The Atomic Theory, introduced on a scientific basis by John Dalton in 1806, revolutionized the way that humans thought about matter in the universe.  It created a view of matter that was elegant in its simplicity - all of the changes that take place around us every day are simply due to rearrangements of nature's fundamental building blocks, which we call atoms



There are a limited number of different types of atoms (92 that occur in nature), from which all of the millions of substances around us are "built."  Each different type of atom (called an element) is represented by a unique symbol.  One interesting fact is that John Dalton himself (who was a bit idiosyncratic) wished to use pictorial symbols for the elements, using pictures that he thought represented some aspect of the chemical or physical behavior of that particular element.  He was overruled in favor of using various combinations of letters as the elemental symbols (less creative perhaps, but a lot faster to write and more consistent from one person to the next).  A list of the names and symbols of all of the known elements is provided just inside the front cover of the textbook.

Examples:          H     Hydrogen             O     Oxygen             He    Helium             Na     Sodium

It is important to note that some of the elements are represented by 2-letter symbols (e.g., He).  In these cases, only the first letter of the symbol is capitalized.  This allows one to distinguish between things such as Co (the element cobalt) versus CO (a compound consisting of the two elements carbon and oxygen).  Also, note that some elements have symbols that don't seem to correspond to their names (such as Na for sodium).  This is because these elements have been known for quite a long time, and the symbol usually corresponds to an earlier name in another language, often Latin or Greek (for example, sodium is still known in many countries by its earlier Latin name, natrium).
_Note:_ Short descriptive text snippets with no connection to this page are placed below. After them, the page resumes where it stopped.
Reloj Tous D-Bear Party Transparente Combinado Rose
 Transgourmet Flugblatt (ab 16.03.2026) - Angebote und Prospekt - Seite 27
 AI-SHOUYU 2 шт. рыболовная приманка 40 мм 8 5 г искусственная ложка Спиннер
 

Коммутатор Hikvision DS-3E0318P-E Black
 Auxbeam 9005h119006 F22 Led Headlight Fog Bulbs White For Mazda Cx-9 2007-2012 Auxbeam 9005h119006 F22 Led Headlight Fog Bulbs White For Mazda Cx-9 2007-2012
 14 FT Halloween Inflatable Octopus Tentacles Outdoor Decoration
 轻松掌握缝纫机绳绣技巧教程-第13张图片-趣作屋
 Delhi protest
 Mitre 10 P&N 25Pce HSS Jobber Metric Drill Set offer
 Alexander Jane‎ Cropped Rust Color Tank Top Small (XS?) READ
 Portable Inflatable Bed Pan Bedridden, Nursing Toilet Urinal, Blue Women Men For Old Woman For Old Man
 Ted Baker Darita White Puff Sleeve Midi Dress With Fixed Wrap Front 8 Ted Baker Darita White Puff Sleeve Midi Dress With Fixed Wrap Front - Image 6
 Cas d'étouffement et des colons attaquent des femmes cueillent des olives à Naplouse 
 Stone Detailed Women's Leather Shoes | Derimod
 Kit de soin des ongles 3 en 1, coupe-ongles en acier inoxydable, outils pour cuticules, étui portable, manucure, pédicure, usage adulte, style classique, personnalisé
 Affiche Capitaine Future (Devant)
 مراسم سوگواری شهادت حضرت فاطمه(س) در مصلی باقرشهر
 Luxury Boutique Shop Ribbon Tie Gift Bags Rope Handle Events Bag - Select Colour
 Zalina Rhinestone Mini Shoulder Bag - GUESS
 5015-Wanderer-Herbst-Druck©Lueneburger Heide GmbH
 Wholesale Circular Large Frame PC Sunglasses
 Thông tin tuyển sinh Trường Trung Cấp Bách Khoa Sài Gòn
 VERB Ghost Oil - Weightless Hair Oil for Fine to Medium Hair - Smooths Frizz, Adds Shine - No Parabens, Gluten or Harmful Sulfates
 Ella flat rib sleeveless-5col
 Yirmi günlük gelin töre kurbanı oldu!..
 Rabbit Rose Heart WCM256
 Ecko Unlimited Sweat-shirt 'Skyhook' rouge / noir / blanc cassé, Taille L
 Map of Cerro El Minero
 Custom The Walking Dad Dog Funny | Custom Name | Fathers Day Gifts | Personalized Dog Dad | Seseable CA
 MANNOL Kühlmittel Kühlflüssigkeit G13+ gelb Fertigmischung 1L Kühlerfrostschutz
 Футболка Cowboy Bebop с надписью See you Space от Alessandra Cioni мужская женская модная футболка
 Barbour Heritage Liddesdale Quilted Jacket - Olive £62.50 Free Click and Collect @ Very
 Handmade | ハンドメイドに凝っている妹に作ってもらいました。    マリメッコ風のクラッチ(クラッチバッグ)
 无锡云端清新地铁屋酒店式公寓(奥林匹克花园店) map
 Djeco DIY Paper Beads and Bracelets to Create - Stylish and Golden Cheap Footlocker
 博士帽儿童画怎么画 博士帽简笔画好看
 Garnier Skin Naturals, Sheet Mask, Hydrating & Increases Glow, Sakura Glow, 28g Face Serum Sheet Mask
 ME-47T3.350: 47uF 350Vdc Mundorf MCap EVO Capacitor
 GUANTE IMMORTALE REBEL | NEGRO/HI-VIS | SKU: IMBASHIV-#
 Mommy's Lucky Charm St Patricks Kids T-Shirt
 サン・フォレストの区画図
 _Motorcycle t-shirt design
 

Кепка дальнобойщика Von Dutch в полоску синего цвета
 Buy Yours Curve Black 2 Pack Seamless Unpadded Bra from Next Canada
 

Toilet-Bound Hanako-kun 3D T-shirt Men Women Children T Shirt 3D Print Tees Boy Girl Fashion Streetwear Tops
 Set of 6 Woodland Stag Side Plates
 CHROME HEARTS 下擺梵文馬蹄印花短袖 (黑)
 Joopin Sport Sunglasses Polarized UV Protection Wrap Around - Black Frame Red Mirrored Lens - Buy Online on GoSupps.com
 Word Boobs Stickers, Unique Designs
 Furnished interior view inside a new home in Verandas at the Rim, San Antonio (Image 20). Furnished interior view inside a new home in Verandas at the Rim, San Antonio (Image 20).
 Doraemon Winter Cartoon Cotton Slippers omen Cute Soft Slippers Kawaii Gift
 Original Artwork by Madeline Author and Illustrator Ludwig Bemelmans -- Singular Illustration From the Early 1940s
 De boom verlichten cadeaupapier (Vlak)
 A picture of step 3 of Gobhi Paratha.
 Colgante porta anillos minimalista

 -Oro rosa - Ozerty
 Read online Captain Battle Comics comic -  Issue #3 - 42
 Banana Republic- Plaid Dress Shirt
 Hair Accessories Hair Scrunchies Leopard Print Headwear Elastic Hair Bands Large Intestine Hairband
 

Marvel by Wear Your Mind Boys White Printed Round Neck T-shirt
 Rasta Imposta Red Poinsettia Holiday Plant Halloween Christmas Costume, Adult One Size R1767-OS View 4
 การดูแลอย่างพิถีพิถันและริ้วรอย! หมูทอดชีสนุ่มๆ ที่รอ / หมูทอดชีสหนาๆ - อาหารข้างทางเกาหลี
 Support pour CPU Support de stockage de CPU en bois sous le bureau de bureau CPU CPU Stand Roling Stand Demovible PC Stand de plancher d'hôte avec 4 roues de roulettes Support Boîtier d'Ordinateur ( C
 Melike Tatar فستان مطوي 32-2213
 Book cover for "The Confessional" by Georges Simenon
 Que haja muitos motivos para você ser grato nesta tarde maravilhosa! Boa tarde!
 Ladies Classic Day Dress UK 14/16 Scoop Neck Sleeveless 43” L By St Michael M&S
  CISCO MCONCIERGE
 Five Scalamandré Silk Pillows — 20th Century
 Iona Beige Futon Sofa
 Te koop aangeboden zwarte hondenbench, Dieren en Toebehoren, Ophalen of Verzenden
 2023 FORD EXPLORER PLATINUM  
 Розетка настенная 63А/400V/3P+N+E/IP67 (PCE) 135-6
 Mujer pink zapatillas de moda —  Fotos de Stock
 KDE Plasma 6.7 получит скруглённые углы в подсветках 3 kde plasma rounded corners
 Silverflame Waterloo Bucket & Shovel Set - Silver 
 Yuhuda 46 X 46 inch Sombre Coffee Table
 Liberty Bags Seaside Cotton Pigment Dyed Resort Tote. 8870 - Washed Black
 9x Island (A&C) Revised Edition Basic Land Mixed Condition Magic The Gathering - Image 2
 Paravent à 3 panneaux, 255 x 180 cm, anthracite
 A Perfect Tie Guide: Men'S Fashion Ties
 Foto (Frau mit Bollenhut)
The term element can be used in two different ways, which can at times be confusing.  The term can be used to describe the type of atom (e.g., water is a compound composed of the elements hydrogen and oxygen).  However, it can also be used to describe a substance that is composed of only one type of atom (e.g., air is a mixture of the elements nitrogen and oxygen).  These two statements imply very different things from an atomic perspective, as illustrated below.

Water molecules with two hydrogen atoms and one oxygen atom.  Mixture of nitrogen and oxygen molecules.  Each molecule has two atoms.

As we can see, water is a single pure substance--it consists of only one type of molecule.  Each of these molecules consists of 2 hydrogen atoms and 1 oxygen atom.  Because water is composed of more than one type of atom, it is called a compound.  Air, on the other hand, is a mixture--it consists of two different types of molecules (i.e., two different substances).  Each substance (each molecule) is an element, because it consists of only one type of atom.  Note that nitrogen and oxygen both exist as what we call diatomic (meaning 2 atoms) molecules.  Other diatomic elements are hydrogen, fluorine, chlorine, bromine, and iodine.

One important implication of this is that if the compound water is split into its two elements hydrogen (H2) and oxygen (O2), it always results in twice as much hydrogen as oxygen.  (Note, by the way, that this is a chemical change.)  If, on the other hand, air is separated into its constituent substances nitrogen (N2) and oxygen (O2), we would usually get about 21% oxygen, but we could get less (for example, if the air is from someone's exhaled breath) or more (for example, if the air is from an 'oxygen bar').  There is no specific ratio of nitrogen to oxygen required for a mixture of these two gases.  The same is true for a mixture of salt and water (or for any mixture).


Chemists use a system of symbolic notation that allows them to communicate about the chemical identity and behavior of matter in a very efficient manner.  In addition to incorporating the elemental symbols discussed earlier, the system also makes use of numbers in two different ways, as indicated below.

hydrogen molecule, H2 and water molecule, H2O

Subscripts are used to indicate the number of each type of atom in a molecule.  For example, hydrogen (H2) molecules consist of 2 hydrogen atoms.  Water (H2O) molecules each consist of 2 hydrogen atoms and 1 oxygen atom (note that if no subscript is written, a 1 is implied).

3 water molecules, 3 H2O

Coefficients, which are written in front of the chemical formula of a substance, are used to indicate the number of molecules.  For example, 3 H2O indicates the presence of 3 water molecules.  Note that to determine the number of each type of atom in the collection of molecules, one need only multiply the coefficient and the subscript.  In other words, in
3 H2O there are 3 x 2 = 6 hydrogen atoms, and 3 x 1 = 3 oxygen atoms.